It's it's the arthritis pain.

SPEAKER_01

What does arthritis pain feel like? Ache, I don't know if achy's a word or tender, like a mix. No, that's pretty beautiful. So, what I'm doing here with you is getting us to just identify the feelings in our body. And I see you putting a heating pad on. That's beautiful. Yeah. Yeah. See, your body naturally knew it needed something.

SPEAKER_00

Yes. That's an exercise which I haven't done for a while, which is aggravating it. Yeah.

SPEAKER_01

Yeah. And that that right there is like you kind of checked in. So here's how this worked. You're you checked in with your body naturally, sub on a subconscious level. We talk about this all the time. Our subconscious is responsible for 95% of everything that we think, we do, we say, we act, all of that stuff. Did you consciously and and very intentionally grab your heating pad, or did you kind of just naturally go for it because you knew your knee was hurting?

SPEAKER_00

Oh, I I have a heating pad on my bed and on my couch. Exactly.

SPEAKER_01

I gravitate the it's it's your it's your habit. It's what your body is used to to protect the parts of yourself. Do you see that?

SPEAKER_00

Yeah, whether it's my lower back or my knee.

SPEAKER_01

And so subconsciously, you just went and you reached for it because you checked in with your body and you said, this and this happens in an instant. So I can walk you through it. It'll sound it'll take like 30 seconds for me to talk through this real quick. But your body did this in a millisecond, which was you checked in with a part of your body, your knee, and you said, What do I need right now? And then your body said heat. So you went and you grabbed the heating pad and you put it on your knee. This is what I want us to be doing, but for all the parts of your body. And these are the times where sometimes we don't do it naturally, we slow down. So that's why I wanted to check in with your rock and see what does he need right now, or what does she need?
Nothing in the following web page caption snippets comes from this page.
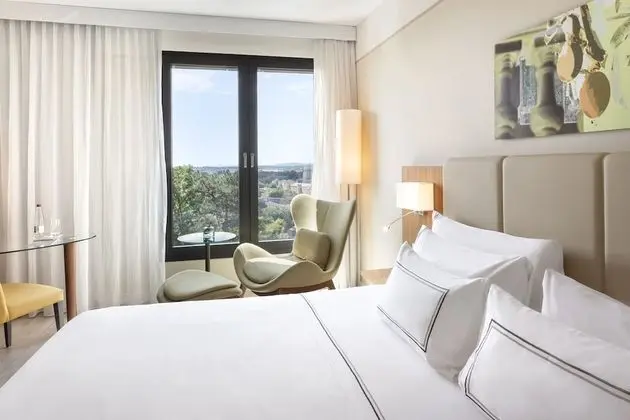 The Level Room with City View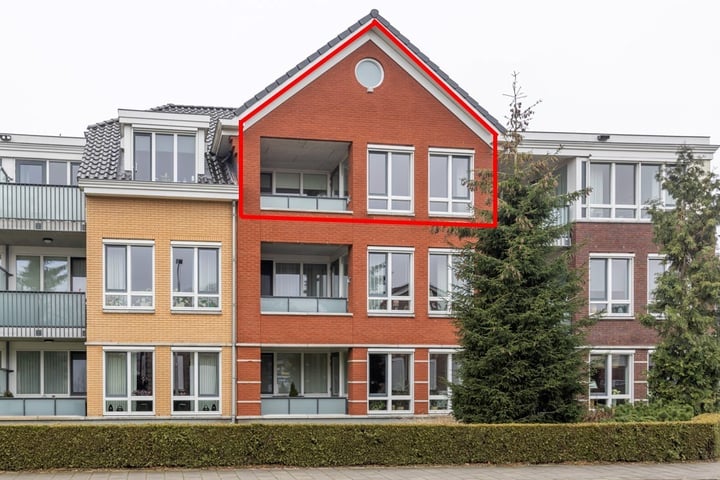 Willem Alexanderlaan 54 in Vriezenveen foto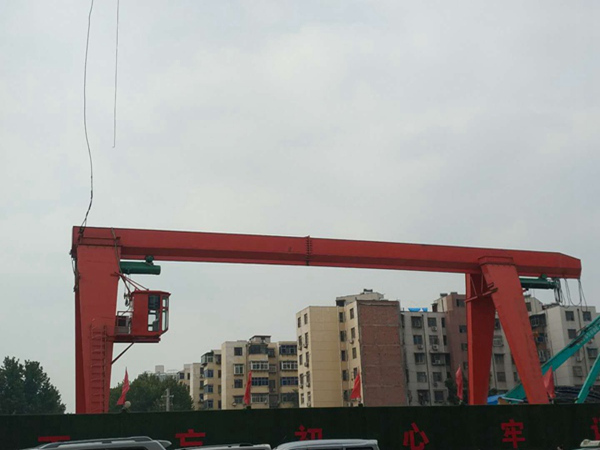 海南儋州門式起重機(jī)廠家事先配備照明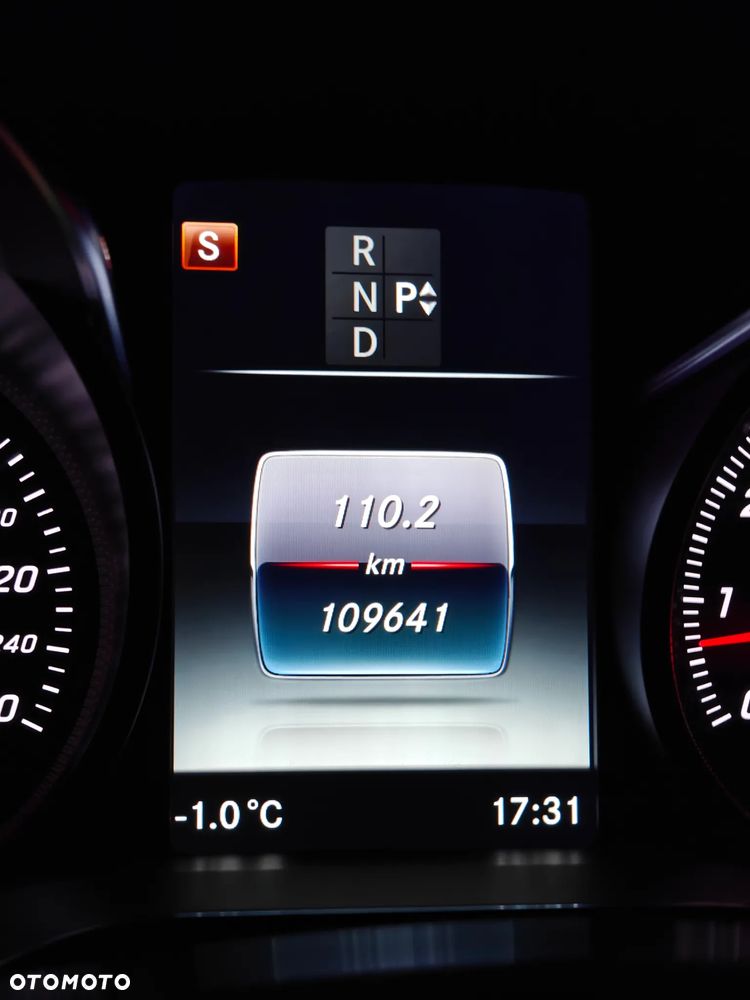 Mercedes-Benz Klasa C 200 9G-TRONIC AMG Line - 31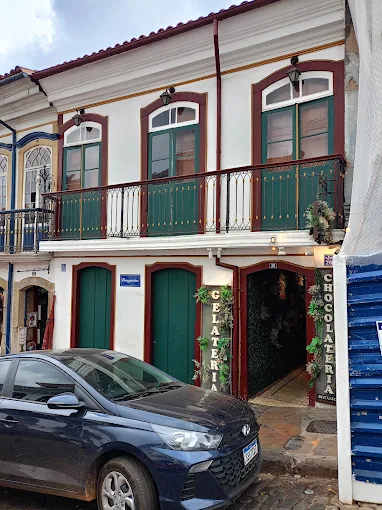 Fachada colonial da Botânico Ouro Preto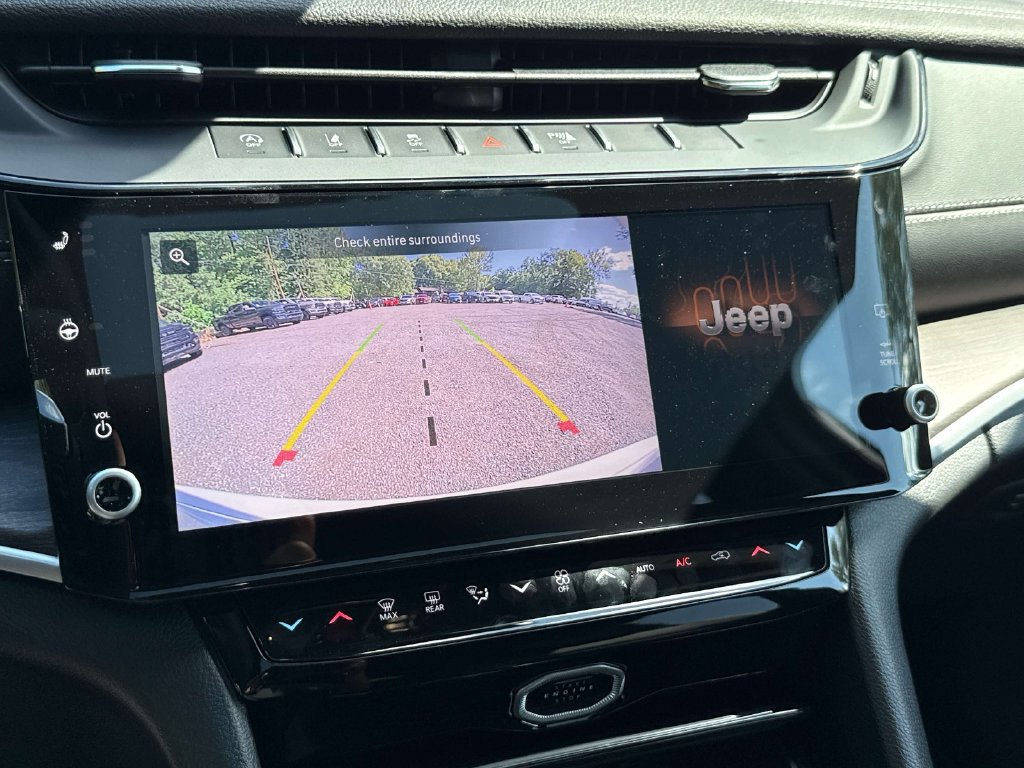 New 2027 Jeep Grand Cherokee Altitude AWD/4WD image 20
It needs, they need. Does it have a name? Does it have a gender to you at all? Sometimes the parts of my body have genders, sometimes they don't. Sometimes they have names.

SPEAKER_00

Nope. Nope. No gender, no names. It's just the rock. It's just uh yeah.

SPEAKER_01

The rock. It's like Dwayne the Rock Johnson. We can call him Dwayne. How's Dwayne doing today?

SPEAKER_00

Nah, that's funny.

SPEAKER_01

Okay, well, I just want to. If he pops up again, or I don't know why I keep calling, I'm sorry, I'm gendering your. I need to stop that. No, that's I don't know why I have an assumption. If you're I mean, it's like everybody says my dog is a she. I just, you know what, you just roll with it sometimes. Fair, fair. So you're so this rock, if if it does pop up again as we're talking about other stuff, let me know. But what I want us to kind of take away from this experience is this is a somatic experience that we can be doing when we're feeling stressed out. So you haven't been feeling well lately, and I know you have a lot of stress going on with like family stuff and work stuff and everything going on. When this is happening, I want us to take a moment to do that grounding exercise. I think you asked me earlier about like how I meditate, like whether I do it in the mornings or something like that, right? Was that a question?

SPEAKER_00

Because you, yeah, sort of, because I thought you said last night um that you do it in the mornings or like before you get out of bed. And my life is I can't, but I thought that was super interesting. Like how one person had said recently that when she gets her cup of coffee, she sits and reads your book.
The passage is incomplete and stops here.